--- Provided data Enclosed Below ---

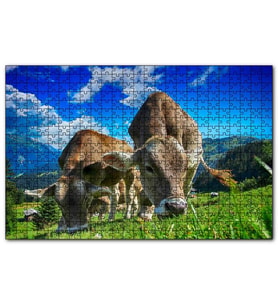 Cakapuzzle Yayladaki İnekler  Puzzle Yapboz MDF (Ahşap) (255 Parça)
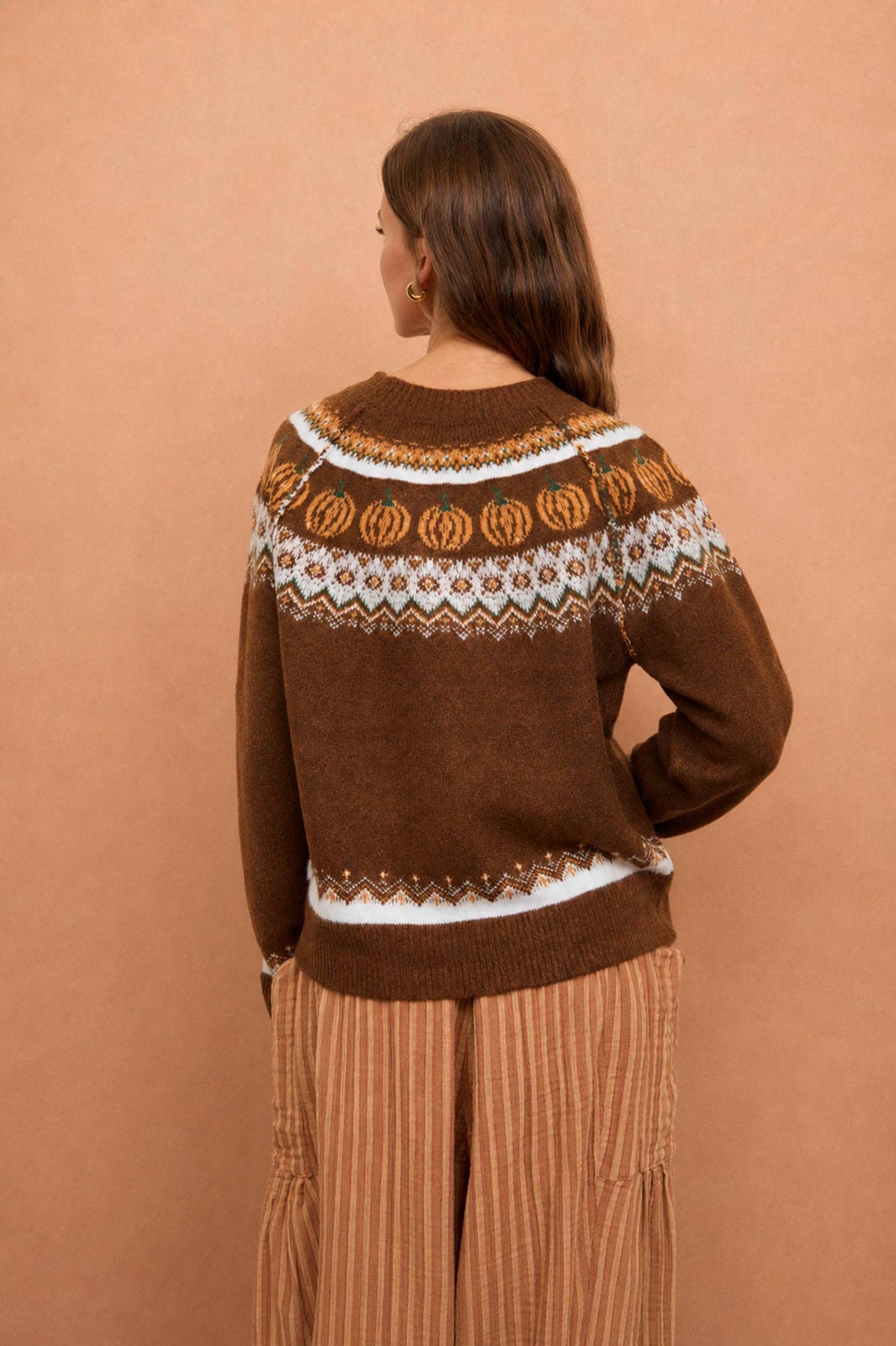 Pumpkin Fair Isle Brown Sweater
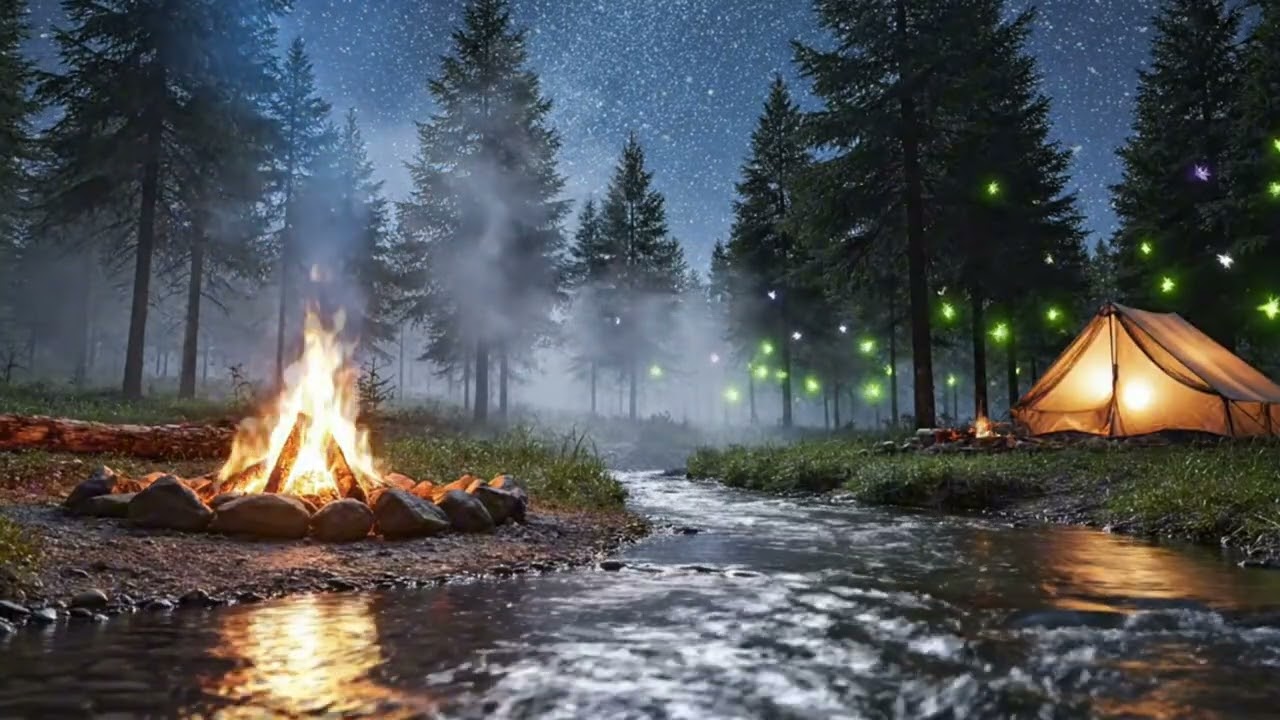 Magical Camping Night with Shooting Stars 🌠 Campfire & River Sounds for Sleep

--- End of Enclosed Provided data ---

_What is needed:_
Return the material word for word, images omitted.

_Answer area:_
 Cakapuzzle Yayladaki İnekler  Puzzle Yapboz MDF (Ahşap) (255 Parça)
 Pumpkin Fair Isle Brown Sweater
 Magical Camping Night with Shooting Stars 🌠 Campfire & River Sounds for Sleep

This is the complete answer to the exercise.